Other powers that are often granted by trust deeds include:

  • to buy, lease or hire any land or personal property
  • to borrow money on terms that the trustees think are appropriate
  • to enter into contracts or other arrangements with any individual or body
  • to pay expenses (to themselves or to others) that they’ve incurred in setting up and running the trust
  • to change the powers and rules of the trust – however, if the trust has a charitable purpose, the changes must not detract from that purpose.

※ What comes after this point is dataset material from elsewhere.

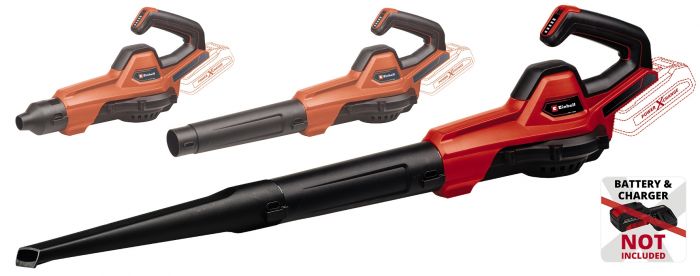 Повітродув садовий акумуляторний Einhell GE-UB 18/250 Li E - Solo 18В PXC 18В 250км/год 120куб/год 1.1кг без АКБ та ЗП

If there’s a conflict between the Trustee Act and what’s stated in the trust deed, the Act overrides the deed.

Duties of trustees

Trustee Act 1956, ss 13B-13D, 13F, 13G

The Trustee Act and the common law (law made by the courts) require trustees to:

  • act only for the benefit of the trust, and consistently with the trust rules and the powers given to the trustees
  • exercise due diligence and prudence (reasonable skill and care) in managing the trust
  • comply strictly with the trust deed, unless the deed itself allows the trustees to do otherwise, or the courts or the beneficiaries allow it
  • invest money that’s held on trust
  • keep accurate accounts for the trust property
  • be impartial towards beneficiaries (unless the trust deed says otherwise)
  • not be in a position of conflict of interest (this means where their own personal interests would conflict with their duties as trustees).

Trustees must also:

  • be familiar with the terms of the trust deed, with the trust property, and with the actions of previous trustees
  • act unanimously in making decisions about trust property, unless the trust deed allows majority decisions (with public or charitable trusts, however, the majority of trustees may usually bind the minority)
  • act personally and not delegate responsibilities, unless the trust deed explicitly allows this (recognising that trustees may need expert advice) or the delegation is in one of situations permitted by the Trustee Act (see “Powers of trustees” above).